Mãe intrusiva e pai fraco era uma combinação explosiva para produzir
estruturas neuróticas graves ou psicóticas. Mas, no entender do analista, não
explicava o abuso de álcool da menina, e suas passagens ao ato ocorriam
quando estava alcoolizada.
Como acontece com a estrutura da linguagem, que define o simbólico e nos faz
humanos, pensava o analista, a passagem de um estado a outro responde a
certas regras que definem essas transições – há pulos que molestam e trazem
consequências danosas ao psiquismo. Podemos pensar na passagem do
Édipo e na passagem da adolescência para a vida adulta. Podemos pensar
igualmente na pandemia, quando da noite para o dia fomos roubados. Uns não
viram ou não entenderam, outros não tiveram como dizer o que estava
acontecendo. Mas o roubo aconteceu aos olhos de todos. Como lidar com
quase 700.000 vidas subtraídas e um hiato no cotidiano que afastou multidões
de parentes e amigos.
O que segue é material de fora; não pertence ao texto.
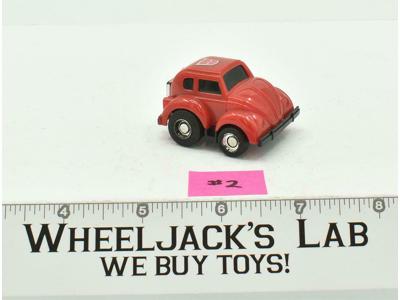 Bumblebee Red #2 100% Complete 1984 G1 Transformers Vintage Hasbro Action Figure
Fomos dormir no dia 19 de março de 2020 e acordamos
atordoados em 20 de março de 2022, com muita dificuldade para retomarmos o
contato social, numa espécie de fobia coletiva. Se desejo é o desejo do outro,
como desejar sem outro? Colapso – deu tela azul no mundo, deu tela azul na
vida de cada um e os mais jovens foram os mais afetados.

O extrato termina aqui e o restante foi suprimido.